All the entries below should be reproduced exactly.

--- Provided data Enclosed Below ---

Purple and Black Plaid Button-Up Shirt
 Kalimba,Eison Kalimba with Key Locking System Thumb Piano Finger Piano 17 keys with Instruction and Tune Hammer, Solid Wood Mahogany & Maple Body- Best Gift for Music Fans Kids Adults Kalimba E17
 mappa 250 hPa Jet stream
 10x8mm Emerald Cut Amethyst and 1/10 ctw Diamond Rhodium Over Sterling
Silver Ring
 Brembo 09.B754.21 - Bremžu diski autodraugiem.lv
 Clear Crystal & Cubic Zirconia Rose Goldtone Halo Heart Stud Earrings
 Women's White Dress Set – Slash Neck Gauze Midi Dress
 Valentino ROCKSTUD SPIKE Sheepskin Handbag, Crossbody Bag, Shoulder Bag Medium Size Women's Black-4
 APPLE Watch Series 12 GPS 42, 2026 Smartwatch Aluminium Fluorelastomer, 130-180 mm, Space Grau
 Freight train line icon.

--- End of Enclosed Provided data ---

Exercise output:
Purple and Black Plaid Button-Up Shirt
 Kalimba,Eison Kalimba with Key Locking System Thumb Piano Finger Piano 17 keys with Instruction and Tune Hammer, Solid Wood Mahogany & Maple Body- Best Gift for Music Fans Kids Adults Kalimba E17
 mappa 250 hPa Jet stream
 10x8mm Emerald Cut Amethyst and 1/10 ctw Diamond Rhodium Over Sterling
Silver Ring
 Brembo 09.B754.21 - Bremžu diski autodraugiem.lv
 Clear Crystal & Cubic Zirconia Rose Goldtone Halo Heart Stud Earrings
 Women's White Dress Set – Slash Neck Gauze Midi Dress
 Valentino ROCKSTUD SPIKE Sheepskin Handbag, Crossbody Bag, Shoulder Bag Medium Size Women's Black-4
 APPLE Watch Series 12 GPS 42, 2026 Smartwatch Aluminium Fluorelastomer, 130-180 mm, Space Grau
 Freight train line icon.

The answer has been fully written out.